But Williams, in spite of his ready kindness in driving them back to Wolfpits with his tired horse, had chuckled to find in this incident a chance of annoying his old enemy, Mrs Malpas of the Buffalo. In all things he was a gross and childish man, whose plan of life embraced only two classes of acquaintance, enemies and friends, and he spent the greater part of his time in scheming to annoy the former and overwhelm the latter with the most naïve of kindnesses. As for Mrs Malpas, not even pity for her in the affair of George could induce him to forget his quarrel over the hogshead of cider. He knew very well that her weak spot was her own claim to an unassailable chapel morality, and having already enjoyed the pleasure of scoring her off by sending her only son on his first stage to Shrewsbury as a felon, he could not now resist the satisfaction of telling her that her daughter-in-law had been away with the lodger while George was in Salop jail.
Next week, at Ludlow market, he entertained the farmers’ ordinary with the story, and in the evening, having done a good day’s business and drunk enough to make him fear no man, he drove home, chuckling to himself, by way of Chapel Green, pulling up at the Buffalo for a final drink. It was the first time that he had visited the inn since that unfortunate quarrel. The cloggers who had gone away in the previous winter had found lodgings in a village farther westward on their return in the spring, and the Buffalo had never emerged from the silence in which they had left it. Mrs Malpas seemed surprised that any one should call so late at night. The bar was empty, and she had to light the swinging oil lamp for him, standing on a chair. Williams himself found a match and lit it for her out of sheer fuddled kindness. It struck her that he was too kind by half. He drank his whisky standing in the middle of the taproom, smacking it on his tongue.

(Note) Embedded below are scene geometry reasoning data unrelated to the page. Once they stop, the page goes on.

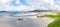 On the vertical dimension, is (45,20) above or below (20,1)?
below

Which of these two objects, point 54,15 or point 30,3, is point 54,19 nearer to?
point 54,15

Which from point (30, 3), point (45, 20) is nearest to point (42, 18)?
point (45, 20)

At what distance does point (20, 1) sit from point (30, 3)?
7 cm

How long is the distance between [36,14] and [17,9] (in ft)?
0.47

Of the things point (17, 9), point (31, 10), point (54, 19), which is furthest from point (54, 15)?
point (17, 9)

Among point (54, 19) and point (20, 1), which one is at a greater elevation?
point (20, 1)

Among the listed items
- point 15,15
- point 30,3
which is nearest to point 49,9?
point 30,3

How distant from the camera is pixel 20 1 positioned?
699mm

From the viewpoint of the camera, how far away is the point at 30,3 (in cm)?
70

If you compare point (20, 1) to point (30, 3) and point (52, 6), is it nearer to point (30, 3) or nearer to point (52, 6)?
point (30, 3)

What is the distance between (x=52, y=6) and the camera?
688 millimetres

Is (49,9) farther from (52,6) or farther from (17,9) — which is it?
(17,9)

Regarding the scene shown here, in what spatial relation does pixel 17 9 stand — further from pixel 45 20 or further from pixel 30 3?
pixel 45 20

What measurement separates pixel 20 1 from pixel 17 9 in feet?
0.21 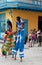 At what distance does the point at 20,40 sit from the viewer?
1023cm

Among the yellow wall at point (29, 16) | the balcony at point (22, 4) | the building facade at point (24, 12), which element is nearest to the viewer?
the balcony at point (22, 4)

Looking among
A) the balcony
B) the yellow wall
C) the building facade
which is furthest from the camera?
the yellow wall

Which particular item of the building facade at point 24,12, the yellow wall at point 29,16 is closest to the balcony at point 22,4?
the building facade at point 24,12

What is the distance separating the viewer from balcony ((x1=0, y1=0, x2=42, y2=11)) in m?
23.1

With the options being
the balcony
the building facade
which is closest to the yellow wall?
the building facade

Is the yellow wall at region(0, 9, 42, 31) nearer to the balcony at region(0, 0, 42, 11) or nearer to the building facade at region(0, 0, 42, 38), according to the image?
the building facade at region(0, 0, 42, 38)

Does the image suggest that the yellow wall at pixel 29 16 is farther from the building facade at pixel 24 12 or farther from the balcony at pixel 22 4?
the balcony at pixel 22 4

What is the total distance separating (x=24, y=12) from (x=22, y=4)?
1.17 metres

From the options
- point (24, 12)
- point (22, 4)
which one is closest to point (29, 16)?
point (24, 12)

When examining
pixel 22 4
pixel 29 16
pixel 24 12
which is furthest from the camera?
pixel 29 16

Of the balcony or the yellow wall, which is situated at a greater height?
the balcony

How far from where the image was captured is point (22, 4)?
2345 centimetres

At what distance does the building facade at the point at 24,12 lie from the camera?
76.6ft

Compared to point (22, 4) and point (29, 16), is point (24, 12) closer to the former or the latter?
point (29, 16) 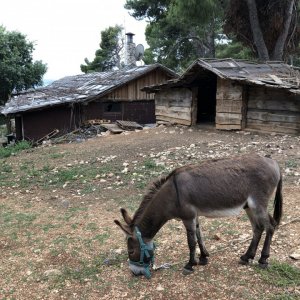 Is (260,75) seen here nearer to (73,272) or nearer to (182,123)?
(182,123)

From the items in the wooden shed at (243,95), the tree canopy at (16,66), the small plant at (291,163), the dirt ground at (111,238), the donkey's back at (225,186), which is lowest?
the dirt ground at (111,238)

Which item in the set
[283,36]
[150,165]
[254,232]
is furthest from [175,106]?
[254,232]

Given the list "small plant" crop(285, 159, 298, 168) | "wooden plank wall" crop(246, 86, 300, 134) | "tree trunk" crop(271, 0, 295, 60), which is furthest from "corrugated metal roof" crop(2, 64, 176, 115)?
"small plant" crop(285, 159, 298, 168)

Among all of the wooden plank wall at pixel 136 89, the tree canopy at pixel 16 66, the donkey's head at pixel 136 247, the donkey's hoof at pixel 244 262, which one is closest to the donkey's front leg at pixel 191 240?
the donkey's head at pixel 136 247

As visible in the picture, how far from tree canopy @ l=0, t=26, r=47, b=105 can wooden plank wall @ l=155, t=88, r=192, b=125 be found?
17153 millimetres

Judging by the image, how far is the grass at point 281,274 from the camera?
3.86m

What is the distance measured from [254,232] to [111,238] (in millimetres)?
2285

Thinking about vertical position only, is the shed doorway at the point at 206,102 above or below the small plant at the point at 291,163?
above

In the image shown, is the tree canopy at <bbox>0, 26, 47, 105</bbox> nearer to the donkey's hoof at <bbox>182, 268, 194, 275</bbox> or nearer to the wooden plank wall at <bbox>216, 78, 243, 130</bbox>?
the wooden plank wall at <bbox>216, 78, 243, 130</bbox>

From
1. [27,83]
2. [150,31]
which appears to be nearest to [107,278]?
[150,31]

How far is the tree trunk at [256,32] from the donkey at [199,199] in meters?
15.0

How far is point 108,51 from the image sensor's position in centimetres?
4431

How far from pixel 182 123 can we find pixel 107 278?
11.7 m

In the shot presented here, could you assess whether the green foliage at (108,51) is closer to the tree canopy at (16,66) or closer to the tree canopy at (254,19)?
the tree canopy at (16,66) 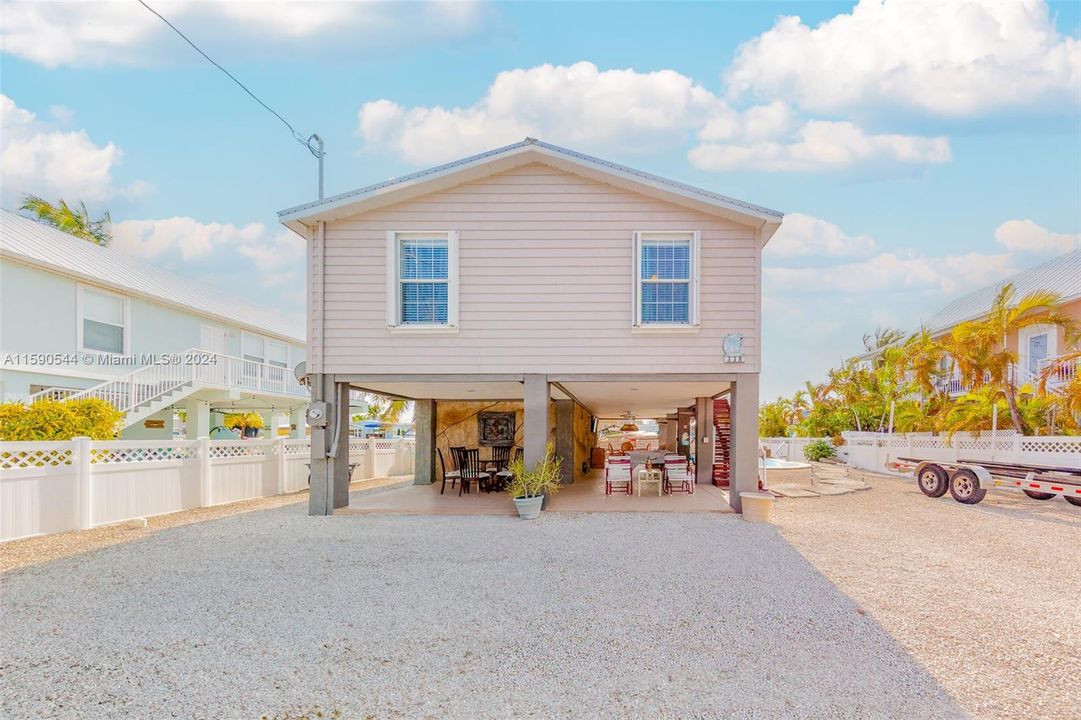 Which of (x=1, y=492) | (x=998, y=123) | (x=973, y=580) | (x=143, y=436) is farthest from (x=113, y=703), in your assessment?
(x=998, y=123)

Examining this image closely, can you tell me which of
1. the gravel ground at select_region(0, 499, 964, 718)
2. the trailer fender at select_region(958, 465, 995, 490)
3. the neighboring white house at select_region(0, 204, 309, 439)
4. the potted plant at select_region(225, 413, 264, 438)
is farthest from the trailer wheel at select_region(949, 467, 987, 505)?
the potted plant at select_region(225, 413, 264, 438)

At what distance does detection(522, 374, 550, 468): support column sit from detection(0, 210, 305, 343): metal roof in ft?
38.6

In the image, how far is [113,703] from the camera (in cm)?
379

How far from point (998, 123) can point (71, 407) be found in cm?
2000

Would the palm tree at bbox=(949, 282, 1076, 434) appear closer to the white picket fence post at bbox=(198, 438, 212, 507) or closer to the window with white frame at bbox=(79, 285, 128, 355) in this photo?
the white picket fence post at bbox=(198, 438, 212, 507)

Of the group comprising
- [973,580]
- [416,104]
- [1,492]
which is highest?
[416,104]

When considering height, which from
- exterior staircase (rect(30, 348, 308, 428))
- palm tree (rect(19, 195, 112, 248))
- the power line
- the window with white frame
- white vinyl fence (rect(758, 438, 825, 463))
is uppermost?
palm tree (rect(19, 195, 112, 248))

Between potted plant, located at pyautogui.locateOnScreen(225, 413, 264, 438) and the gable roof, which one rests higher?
the gable roof

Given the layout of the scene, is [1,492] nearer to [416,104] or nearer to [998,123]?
[416,104]

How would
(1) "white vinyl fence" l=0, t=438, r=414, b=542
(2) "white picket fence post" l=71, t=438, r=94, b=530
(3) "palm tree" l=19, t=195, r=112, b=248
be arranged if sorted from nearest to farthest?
(1) "white vinyl fence" l=0, t=438, r=414, b=542, (2) "white picket fence post" l=71, t=438, r=94, b=530, (3) "palm tree" l=19, t=195, r=112, b=248

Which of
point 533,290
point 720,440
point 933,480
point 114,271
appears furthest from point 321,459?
point 933,480

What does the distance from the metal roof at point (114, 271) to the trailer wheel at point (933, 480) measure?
20.4m

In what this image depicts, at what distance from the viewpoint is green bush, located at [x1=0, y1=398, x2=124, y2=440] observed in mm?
9945

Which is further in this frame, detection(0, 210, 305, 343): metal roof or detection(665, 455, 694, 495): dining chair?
detection(0, 210, 305, 343): metal roof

‘You didn’t go to Bron Fair, ma’am?’ he said.
‘No,’ Mrs Malpas replied. ‘Nor have I these many years.’
‘There’s pretty things to be seen there,’ said Williams, with a grin. She made no reply, and he advanced obliquely from another angle.
‘But for the shame that we all bear, Mr Williams, he’s out of harm’s way.’
‘Yes, it’s a good Christian prison, I’m told,’ said he, laughing. ‘Chaplains and all! How’s his wife, eh?’
‘I don’t know,’ said Mrs Malpas shortly. ‘And I don’t want to know.’
‘Smart looking young woman!’ Williams leered.